Issues in first language acquisition
Competence and Performance
Competence is the non-observable knowledge or the ability to do something, and when we show or perform what we know, through the spoken or written language is what we called performance, the overtly observable and concrete manifestation of competence, competence is the rules of grammar, vocabulary, all pieces and how they fit.
All aspects of linguistic comprehension precede, or facilitate, linguistic production. There is a general superiority of comprehension over production: children seem to understand “more” than they actually produce.
Nature or Nurture?
Nativists contend that a child is born with an innate knowledge of or predisposition toward language, and that this innate property is universal in all human beings.
Derek Bickerton proposed that human beings are “bioprogrammed” to proceed from stage to stage.
LAD --------> Nature = innate
Conditioning ------> behaviour --------> nurture = environmental provided
Universals
Language is universally acquired in the same manner, and moreover, that the deep structure of language at its deepest level may be common to all languages.
Sistematicity and Variability
Children exhibit a remarkable ability to infer the phonological, structural, lexical, and semantic system of language.
Researchers do not agree on how to define various “stages” of language acquisition. Certain “typical” patterns appear in child language.
Language and thought
Language is dependent upon and springs from cognitive development, which is claim that is at the very center of human organism. (Piaget, 1972)
The influence of language on cognitive development. (Bruner, Olver, & Greenfield 1996)
Thought and language were seen as two distinct cognitive operations that grow together. (Schinke-Llano, 1993)
Language is a way of life which interacts simultaneously with thought and feelings, we have to discover how language can affects thought and how thought affects language.
Imitation
It is one of the important strategies a child uses in the acquisition of language. The first type is surface – structure imitation, where a person repeats or mimics the surface strings, attending to a phonological code rather than a semantic code. The second type is a deep structure imitation, children forget surface imitation and concentrate in the feelings that they want to express forgetting grammar.
Practice
Children practice language constantly, especially in the early stage of single – word and two – word utterances. There is evidence that certain very frequent forms are acquired first: what questions, irregular past tense, forms, certain common household items and persons.
Input
Adult input seems to shape the child’s acquisition, and the interaction patterns between child and parent change according to the increasing language skills of the child.

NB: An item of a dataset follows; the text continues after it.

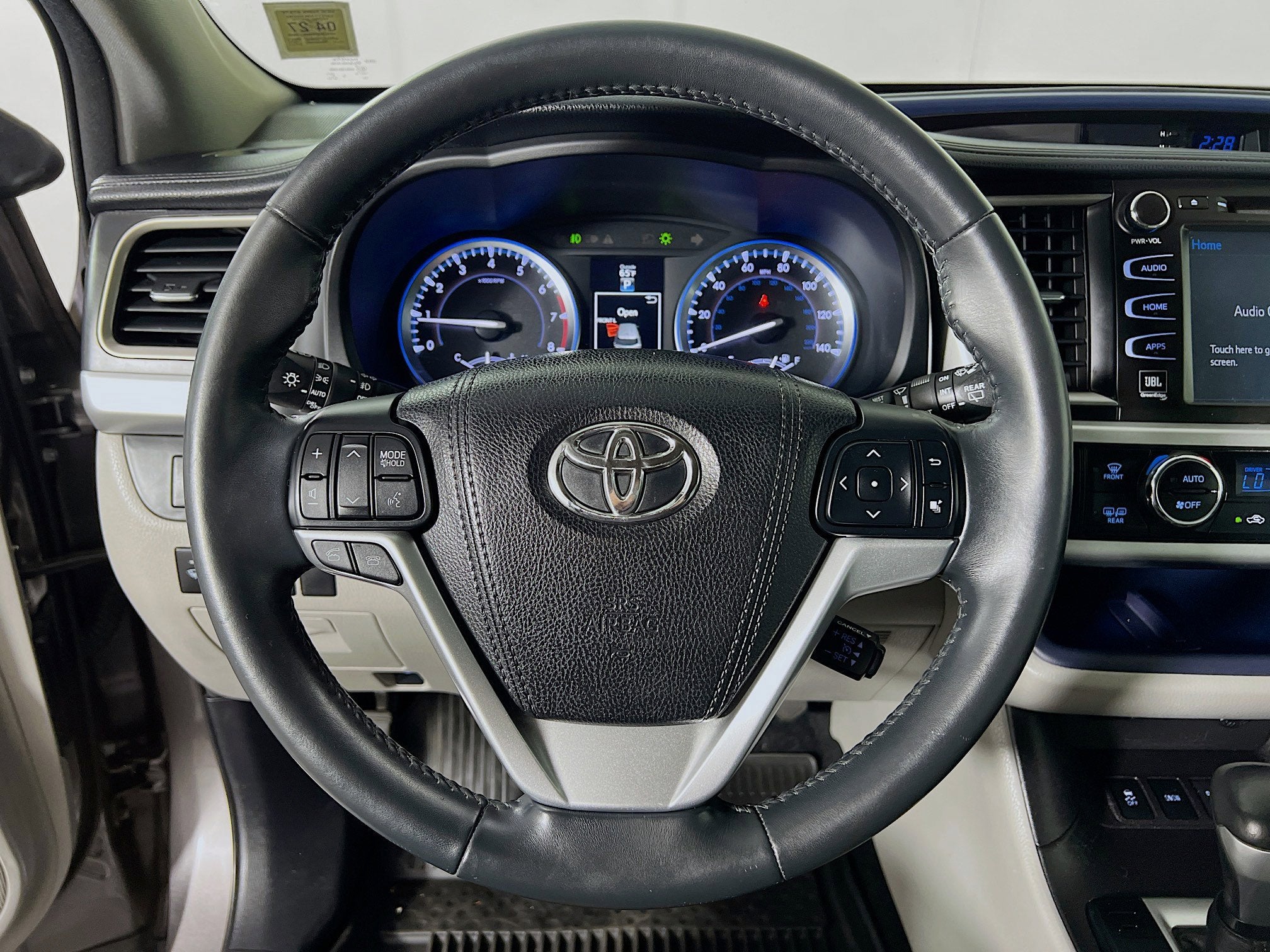 2016 Toyota Highlander Base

Discourse analysis or conversational
Interaction, rather than exposure, is required; children do not learn language from overhearing the conversations of others, and must, instead, acquire it in the context of being spoken to.
First language acquisition insights applied to language teaching.
“Direct method” of Berlitz consists in the second language learning should be more like first language learning: lots of active oral interaction, spontaneous use of the language, no translation between first and second language, and little or no analysis of grammatical rules.